Roland Barthes chiama: “il grado zero della scrittura” il livello in cui chi scrive attinge alla lingua cui appartiene ma ne fa “un’area di azione”in cui accade altro. Il lessico, le immagini, la costruzione di uno scritto, afferma Barthes, non nascono dalla lingua, ma dal corpo e dal passato dello scrittore. Nello scrivere un interlocutore c’è sempre. Si scrive per un assente. Un assente inafferrabile ma anche tanto presente da fungere da guida, giudice, critico, sostenitore... A volte non ha un volto preciso. Ci si sente ipercritici, non all'altezza. Allora si finisce col stornare, trattenere il pensiero o con lo stordire con parole e citazioni al fine di aggirare l’interlocutore interno. Il vuoto o il troppo. Sarà questa ambivalenza che indica la varietà e l’invenzione di molte forme di scrittura? Calvino ha dei chiodi fissi: “più che dal desiderio di scrivere il mio libro sono sorretto dal desiderio di avere davanti a me il libro che mi piacerebbe leggere e contemporaneamente di pensare che quel libro non esista ancora. Allora provo ad identificarmi con quell'autore immaginario, un autore che potrebbe essere anche molto diverso da me, ma che poi alla fine prende il mio posto o io prendo il suo”.

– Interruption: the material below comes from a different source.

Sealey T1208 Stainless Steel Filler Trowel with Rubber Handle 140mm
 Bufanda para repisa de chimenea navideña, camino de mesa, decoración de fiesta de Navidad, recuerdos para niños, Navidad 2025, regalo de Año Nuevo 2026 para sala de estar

Borges ricorre ad una finzione per cominciare a scrivere: “penso che il mio compito sia semplicemente quello di esaminare e recensire un ipotetico testo già esistente, di un autore sconosciuto, di un’altra lingua, di un’altra cultura”. Marguerite Duras: “scrivere è tentare di sapere cosa si scriverebbe se si scrivesse. Lo si sa solo dopo. La scrittura è l’ignoto di sé, della propria mente, del proprio corpo, è una facoltà che si ha al di fuori di noi, di un altro che appare e si fa avanti, invisibile, dotato di pensiero, d’ira e che talvolta, per questo stesso motivo, è in pericolo di rimetterci la vita”. Scrive M.Fermine nel suo prezioso piccolo libro “Neve”: “In verità il poeta, il vero poeta, possiede l’arte del funambolo. Scrivere è avanzare parola dopo parola su un filo di bellezza, il filo di una poesia, di un’opera, di una storia. Il difficile è rimanere costantemente su quel filo che è la scrittura non scendere mai neppure per qualche istante dalla corda dell’immaginazione”.

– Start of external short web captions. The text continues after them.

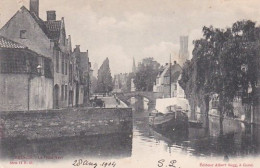1859	77	Bruges, Le Quai Vert. (obliteré 1904)(voir Coins, Gauche Haut Petite Déchirure) - Brugge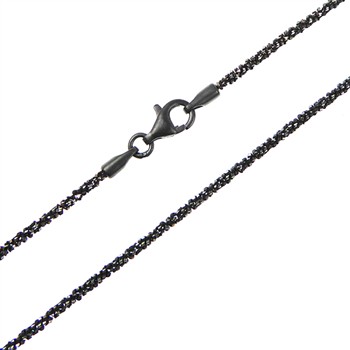 San - Links of Joy's Armbånd & halskæde - Oxidized/925-DiamondCut=1,8mm diameter 21cm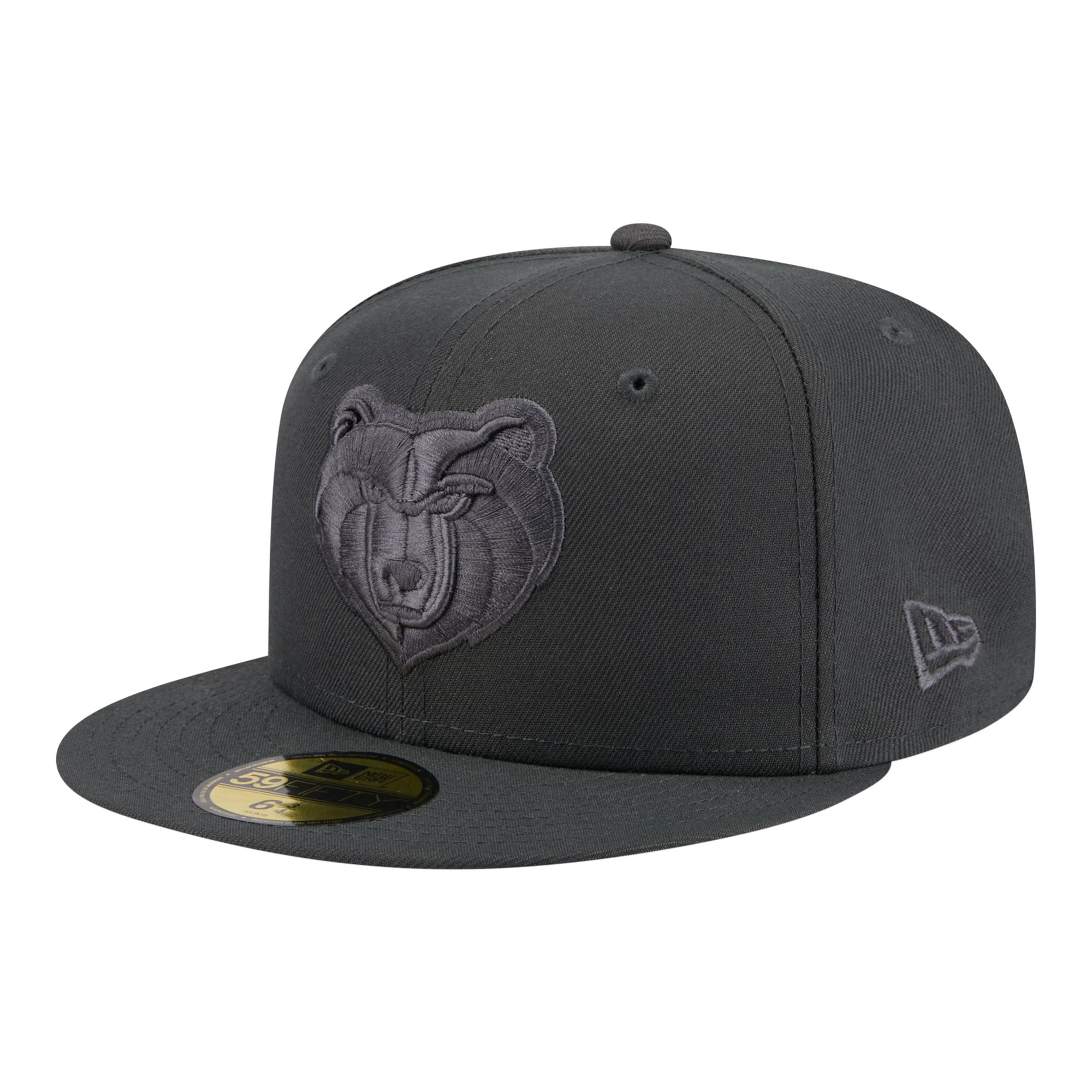 Men's New Era  Charcoal Memphis Grizzlies Tonal Color Pack 59FIFTY Fitted Hat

Dunque scrivere ha a che fare con una passione e con la possibilità di rimanere dentro quella passione. Inoltre scrivere ha a che fare con il “sessuale”: concepire, far crescere, nascere, nutrire fino all'autonomia e alla separazione qualcosa di noi stessi. Il piacere della scrittura, perché di un piacere si tratta. E come tutti i piaceri sfida l’interdizione e allora scriviamo bigliettini, lettere, appunti, racconti, filastrocche, poesie, diari, blog. Non importa il prodotto finale, è il cammino dello scrivere, per arrivare a... (continuate voi)!